Pressure by the Northern elites paid off. A 377-page report issued by the Intergovernmental Panel on Climate Change on Land Use, Land Use Change and Forests (LULUCF) was released in May 2000 and outlined how credits could be generated from “sinks”.3 During the divisive COP 6 in Den Hague in November 2000, one of the major controversies concerned the technical possibility of countries claiming carbon credits for “additional land and forest activities” within their borders as part of their Kyoto Protocol “reduction” commitments. The concept of carbon sequestration was accepted, but the ability to trade credits from the environmental service of “avoided deforestation” was not.4

Not until Bali, however, when the United Nations Framework Convention on Climate Change (UNFCCC) repackaged the concept of forestry offsets and adopted Reducing Emissions from Deforestation and Degradation (REDD) in 2007. Although not explicitly market-based within UN-backed emissions trading schemes, the prospect of a market-based REDD set in motion what could arguably be the most reckless land grab in history.

To market, to market
 
 The UNFCCC currently caps the use of LULUCF credits at one per cent of base year emissions, meaning that industrialised countries face a limit on how many they can buy.5 The European Union Emissions Trading System (EU ETS), which drives most of the demand for offsets, currently excludes LULUCF credits altogether.

The EU has maintained the exclusion of LULUCF credits for the third phase of its ETS (2012-2020). More significantly, a series of new activities dubbed ‘forest management’ could be included beyond the one per cent limit. Under current definitions, these could include monoculture plantations and commercial logging.6


It is sometimes argued that REDD+, alongside the inclusion of afforestation/reforestation of CDM, would significantly benefit the South. Yet the existence of considerable forested areas does not in itself guarantee a significant flow of REDD+ cash. Historical deforestation rates have been high in Brazil, Indonesia and Malaysia, for example, which may be (perversely) rewarded by REDD+ for having deforested more rapidly than other countries unless a ‘correction factor’ is built into the scheme.7 Alternatively, the ‘baselines’ for REDD could be set so high that payments will be triggered for increases in deforestation, as is the case with a recent agreement between Norway and Guyana.8

Like the CDM, the complex accounting procedures involved in commodifying forests tends to divert resources from forestry initiatives to carbon counting. While direct estimates for REDD+ are not yet available, it is reasonable to assume that this would be comparable with the CDM, where often less than 30 per cent of financing goes towards the project itself, with the rest absorbed by consultancy fees and taxes.9 Finally, the combination of significant uncertainties in forest carbon accounting, unequal global power structures and weak governance signal a capacity for large-scale fraud, the siphoning off of funds by elite interests and land evictions.10

To date, afforestation/reforestation accounts for just 56 of more than 5,300 projects under consideration for inclusion in the CDM, and no credits have yet been issued for these projects. The slow pace in developing such projects is partly accounted for by the availability of cheaper options, and partly by the restrictions placed upon the use of such credits.

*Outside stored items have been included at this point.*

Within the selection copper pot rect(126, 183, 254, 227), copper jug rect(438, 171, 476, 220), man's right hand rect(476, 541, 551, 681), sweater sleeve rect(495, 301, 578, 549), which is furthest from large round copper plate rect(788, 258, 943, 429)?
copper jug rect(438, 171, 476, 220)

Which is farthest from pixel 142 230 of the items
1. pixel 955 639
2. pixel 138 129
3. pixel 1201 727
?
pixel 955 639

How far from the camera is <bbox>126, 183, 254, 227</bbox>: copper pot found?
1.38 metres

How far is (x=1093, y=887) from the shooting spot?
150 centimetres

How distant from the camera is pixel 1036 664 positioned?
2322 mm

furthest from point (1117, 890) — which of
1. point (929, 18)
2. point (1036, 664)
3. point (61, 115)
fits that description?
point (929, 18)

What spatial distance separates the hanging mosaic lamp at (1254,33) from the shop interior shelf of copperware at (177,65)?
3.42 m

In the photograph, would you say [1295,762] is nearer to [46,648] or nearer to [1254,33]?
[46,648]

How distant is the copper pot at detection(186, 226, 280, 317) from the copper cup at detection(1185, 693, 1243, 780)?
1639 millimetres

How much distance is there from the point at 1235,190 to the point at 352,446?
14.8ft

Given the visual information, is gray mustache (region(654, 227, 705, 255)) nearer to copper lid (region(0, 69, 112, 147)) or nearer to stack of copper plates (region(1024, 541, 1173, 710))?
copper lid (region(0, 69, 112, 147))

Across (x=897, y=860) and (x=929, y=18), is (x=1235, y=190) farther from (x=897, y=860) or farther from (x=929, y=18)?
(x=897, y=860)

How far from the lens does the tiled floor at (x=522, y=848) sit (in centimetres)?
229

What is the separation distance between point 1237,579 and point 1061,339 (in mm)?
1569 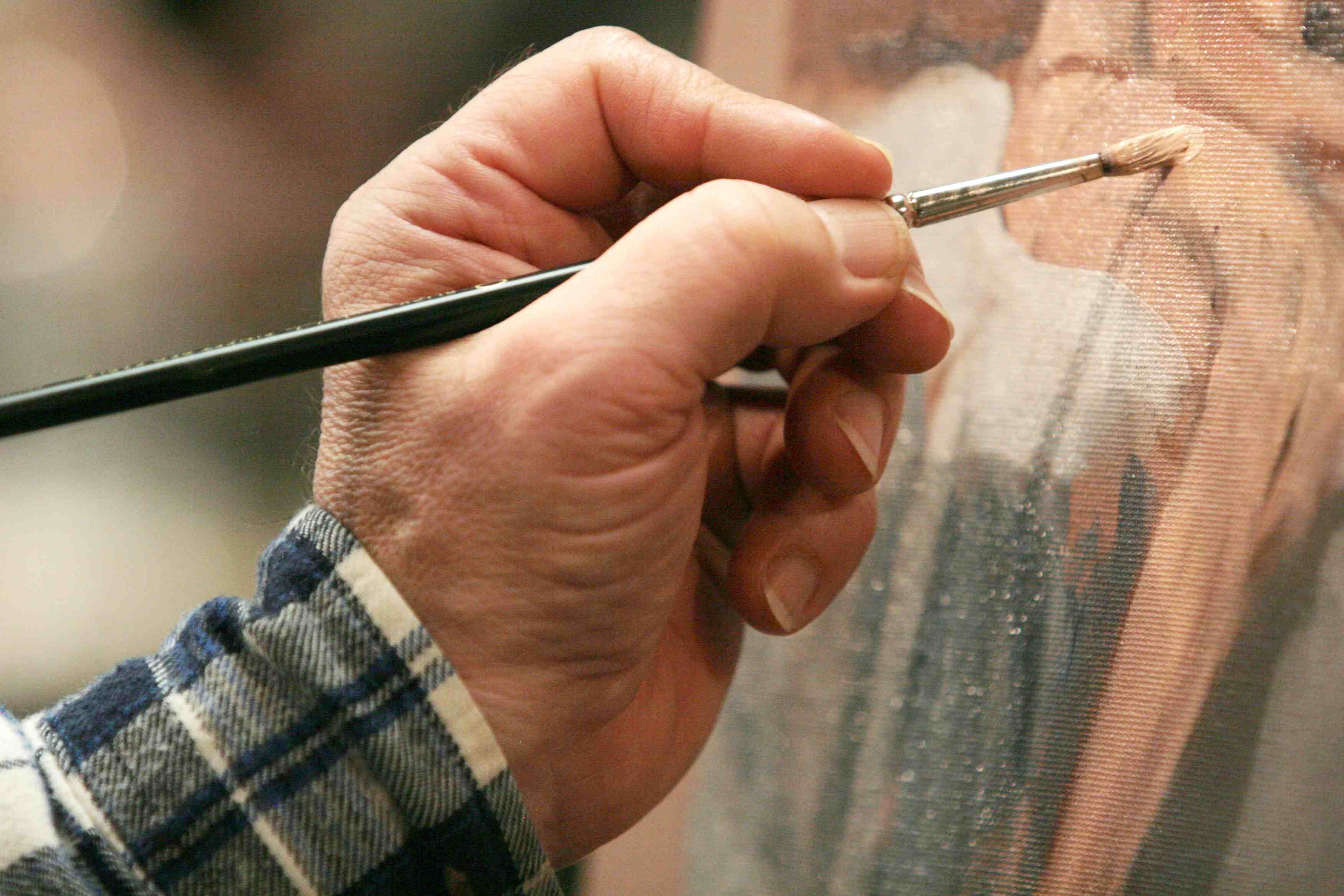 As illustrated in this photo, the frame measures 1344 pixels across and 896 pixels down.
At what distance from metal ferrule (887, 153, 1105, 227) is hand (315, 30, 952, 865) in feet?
0.08

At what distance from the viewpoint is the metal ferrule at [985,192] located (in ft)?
1.59

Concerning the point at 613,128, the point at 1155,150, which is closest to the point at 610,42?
the point at 613,128

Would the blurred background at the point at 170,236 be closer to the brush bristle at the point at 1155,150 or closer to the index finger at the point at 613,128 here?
the index finger at the point at 613,128

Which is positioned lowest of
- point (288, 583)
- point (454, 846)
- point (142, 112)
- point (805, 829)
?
point (805, 829)

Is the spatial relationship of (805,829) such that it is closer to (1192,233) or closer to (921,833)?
(921,833)

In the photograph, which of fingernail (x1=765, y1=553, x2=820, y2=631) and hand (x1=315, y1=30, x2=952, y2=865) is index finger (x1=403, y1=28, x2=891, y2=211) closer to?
hand (x1=315, y1=30, x2=952, y2=865)

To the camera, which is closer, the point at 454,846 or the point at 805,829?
the point at 454,846

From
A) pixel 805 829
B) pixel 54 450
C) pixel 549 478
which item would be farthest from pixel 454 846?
pixel 54 450

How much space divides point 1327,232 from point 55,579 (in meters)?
0.92

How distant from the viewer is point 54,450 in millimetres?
782

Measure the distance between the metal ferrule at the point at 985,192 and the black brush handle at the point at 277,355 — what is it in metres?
0.18

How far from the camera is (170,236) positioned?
2.53 ft

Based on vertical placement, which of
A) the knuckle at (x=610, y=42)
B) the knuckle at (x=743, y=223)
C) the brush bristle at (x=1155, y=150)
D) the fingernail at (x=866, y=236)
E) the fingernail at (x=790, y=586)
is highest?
the knuckle at (x=610, y=42)

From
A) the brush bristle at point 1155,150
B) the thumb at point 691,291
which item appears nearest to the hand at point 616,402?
the thumb at point 691,291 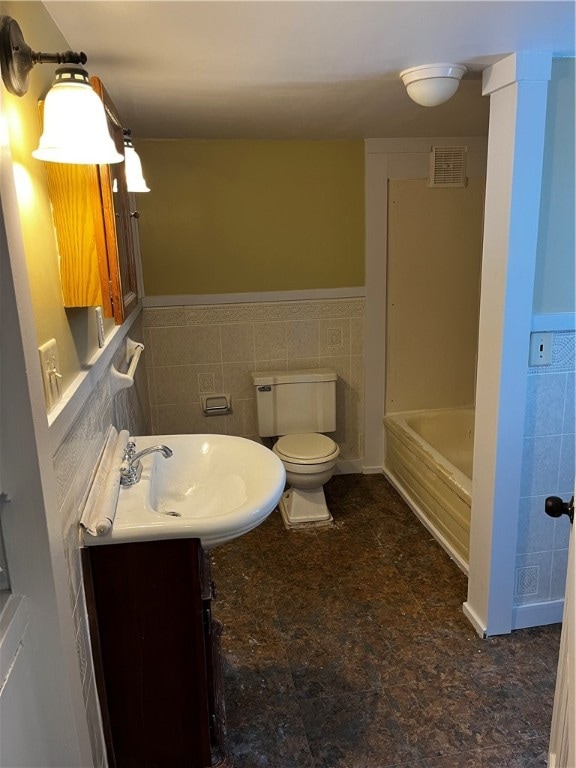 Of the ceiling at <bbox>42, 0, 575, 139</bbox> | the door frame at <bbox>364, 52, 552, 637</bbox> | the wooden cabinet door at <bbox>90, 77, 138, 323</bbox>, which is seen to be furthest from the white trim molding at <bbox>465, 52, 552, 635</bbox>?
the wooden cabinet door at <bbox>90, 77, 138, 323</bbox>

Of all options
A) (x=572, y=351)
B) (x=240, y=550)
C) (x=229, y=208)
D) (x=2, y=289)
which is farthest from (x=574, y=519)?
(x=229, y=208)

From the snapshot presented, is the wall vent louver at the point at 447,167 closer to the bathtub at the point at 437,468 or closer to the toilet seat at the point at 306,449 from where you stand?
the bathtub at the point at 437,468

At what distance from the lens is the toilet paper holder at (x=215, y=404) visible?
3359 millimetres

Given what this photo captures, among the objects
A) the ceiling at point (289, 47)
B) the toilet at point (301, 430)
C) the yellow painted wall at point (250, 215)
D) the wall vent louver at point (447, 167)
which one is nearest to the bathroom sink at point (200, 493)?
the toilet at point (301, 430)

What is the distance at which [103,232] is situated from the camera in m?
1.35

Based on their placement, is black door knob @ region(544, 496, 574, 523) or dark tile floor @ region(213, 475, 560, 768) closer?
black door knob @ region(544, 496, 574, 523)

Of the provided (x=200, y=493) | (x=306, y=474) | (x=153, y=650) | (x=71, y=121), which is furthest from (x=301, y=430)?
(x=71, y=121)

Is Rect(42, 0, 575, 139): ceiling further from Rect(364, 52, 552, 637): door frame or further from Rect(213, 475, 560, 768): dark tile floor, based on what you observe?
Rect(213, 475, 560, 768): dark tile floor

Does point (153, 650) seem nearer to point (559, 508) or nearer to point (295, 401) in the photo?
point (559, 508)

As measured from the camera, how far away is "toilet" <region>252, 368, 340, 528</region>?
2.97 metres

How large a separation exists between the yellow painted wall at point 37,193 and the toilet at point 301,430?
1.76m

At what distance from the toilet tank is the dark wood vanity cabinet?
1723 millimetres

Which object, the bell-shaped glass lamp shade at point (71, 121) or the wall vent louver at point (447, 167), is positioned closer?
the bell-shaped glass lamp shade at point (71, 121)

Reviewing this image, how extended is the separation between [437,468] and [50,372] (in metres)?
2.11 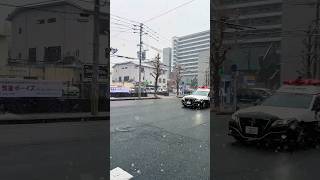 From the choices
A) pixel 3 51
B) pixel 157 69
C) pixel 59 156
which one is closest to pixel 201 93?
pixel 157 69

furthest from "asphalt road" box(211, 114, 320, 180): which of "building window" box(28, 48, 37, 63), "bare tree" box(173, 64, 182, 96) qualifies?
"building window" box(28, 48, 37, 63)

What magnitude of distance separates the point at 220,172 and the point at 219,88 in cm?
76

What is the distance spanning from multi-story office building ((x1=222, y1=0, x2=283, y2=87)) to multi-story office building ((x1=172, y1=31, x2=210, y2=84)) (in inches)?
4.3

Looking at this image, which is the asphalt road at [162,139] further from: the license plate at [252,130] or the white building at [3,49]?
the white building at [3,49]

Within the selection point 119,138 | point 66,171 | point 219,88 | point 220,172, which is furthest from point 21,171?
point 219,88

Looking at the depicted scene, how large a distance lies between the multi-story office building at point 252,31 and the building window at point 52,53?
79cm

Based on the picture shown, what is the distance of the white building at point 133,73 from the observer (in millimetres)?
2035

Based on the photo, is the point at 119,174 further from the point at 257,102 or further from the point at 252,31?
the point at 252,31

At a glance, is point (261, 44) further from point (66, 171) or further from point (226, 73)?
point (66, 171)

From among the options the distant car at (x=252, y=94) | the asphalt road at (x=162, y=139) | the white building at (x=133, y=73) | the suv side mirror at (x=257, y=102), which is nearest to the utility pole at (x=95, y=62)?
the white building at (x=133, y=73)

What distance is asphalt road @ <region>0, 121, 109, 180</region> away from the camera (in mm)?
2547

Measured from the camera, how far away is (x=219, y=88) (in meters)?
1.83

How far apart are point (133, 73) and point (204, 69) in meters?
0.51

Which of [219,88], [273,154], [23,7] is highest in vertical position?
[23,7] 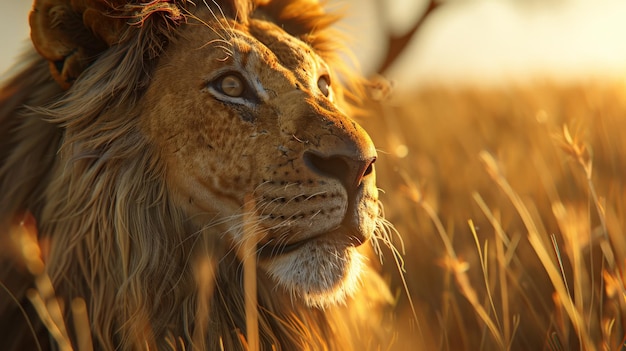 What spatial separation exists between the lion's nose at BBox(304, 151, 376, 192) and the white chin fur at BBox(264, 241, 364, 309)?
24 centimetres

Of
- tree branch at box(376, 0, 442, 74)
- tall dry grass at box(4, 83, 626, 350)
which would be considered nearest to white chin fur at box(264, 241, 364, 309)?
tall dry grass at box(4, 83, 626, 350)

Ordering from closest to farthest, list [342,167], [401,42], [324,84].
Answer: [342,167] < [324,84] < [401,42]

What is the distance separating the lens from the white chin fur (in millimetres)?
2398

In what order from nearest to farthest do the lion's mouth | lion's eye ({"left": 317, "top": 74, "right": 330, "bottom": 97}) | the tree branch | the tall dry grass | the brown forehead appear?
1. the tall dry grass
2. the lion's mouth
3. the brown forehead
4. lion's eye ({"left": 317, "top": 74, "right": 330, "bottom": 97})
5. the tree branch

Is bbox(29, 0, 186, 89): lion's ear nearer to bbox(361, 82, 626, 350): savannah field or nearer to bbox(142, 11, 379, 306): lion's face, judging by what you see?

Such projects are currently only entitled to issue tCERs (the ‘t’ stands for temporary) or lCERs (‘l’ for long-term), but these have proven unpopular with carbon traders, and the prices remain low.
 
Head in the Sand
Currently, many REDD+ supporters in the NGO arena often deny the verity that REDD+ is being developed for offsets. Even the NGOs with good intensions contend that the money will flow in one direction – North to South. However, within the trading world REDD+ is viewed in a very different light.
 
On September 22, 2010 a ‘reforestation project’ in Tanzania became the first forestry investment to earn carbon offsets after credits were issued in the Voluntary Carbon Standard (VCS) registry. The news created a flurry of activity for hopeful market traders eager to cash in on forestry offsets from REDD+ schemes. “Once a forestry project begins trading there, it could open the door for REDD to be included in the UN-based compliance market,” reported Ecobusiness.11 Reuters printed a quote from Grattan MacGiffin, head of GTE Global Trading Ltd, stating, "(California's) Climate Action Registry has been doing forestry for a while but the VCS news is bigger, potentially adding impetus to the growing support for a CDM REDD methodology to be given the green light.”12
 
A lot of money is at stake for traders, brokers, conservation organisations, companies, international finance institutions and governments who are banking on REDD. Calculating REDD+ offset credits are simplified to estimate one metric tonne of CO2 within the terrestrial system to equal one credit. For example, the controversial Rimba Raya project located in Kalimantan, Indonesia could generate 75 million credits and if priced between 10 to 15 euros per credit could earn an estimated 1.1 billion euros in revenues.13
 
The UN estimates that REDD+ could be worth up to US$30 billion a year for developing countries and investors but more likely higher returns for private investors in the North.14 With potential revenue of this scale to be had, peoples’ land rights are quickly being overlooked by hungry investors eager to cash in on fast forest money.
 
Bribery and Corruption
From the Amazon, Liberia to Papua New Guinea traders, brokers and conservation organisations earnestly work to secure lands for REDD+. Before REDD+ areas become more valuable and more difficult to attain, “carbon cowboys” deviously persuade communities to hand over land rights. The Wilderness Society's Tim King told the Sydney Morning Herald that, there had been "a tsunami of carbon traders spreading across PNG. Carbon finance and REDD have triggered a 'gold rush' mentality."15 The name of the game is to secure the maximum land rights to forests as early as possible while the infrastructure is still being organised.
 
In late October 2010, Wandogo Siswanto, a lead delegate in Copenhagen and key architect of REDD, was arrested and charged with accepting bribes of up to US$10,000 from the director of PT Masaro Radiokom, a telecommunications company.16 In Indonesia, the forestry sector’s reputation has been referred to as "a source of unlimited corruption," by Indonesia's Corruption Eradication Commission (KPK).17

Bribery, corruption, unequal global power structures, history and governance all play a role in back-door dealings when large sums of money are at stake. Greenpeace highlighted the issue of corruption in a recent briefing by stating, “Corruption within PNG’s forest industry, disregard for land owner rights, inflated estimations of likely benefits from REDD and a lack of effective institutional systems in place do not engender confidence in the country’s ability to manage a funded institutional transition to a low carbon economy.”18

Rampant corruption instigated by companies and governments to secure lands in key rainforest nations like Indonesia and Papua New Guinea undermine any real chances of so-called benefit-sharing.19 Although governance is a real issue, the initial pressure comes from northern players including banks, IFIs and traders. Without acknowledging these unequal global power structures any global forest protection programme is likely to fail whether market or fund-based.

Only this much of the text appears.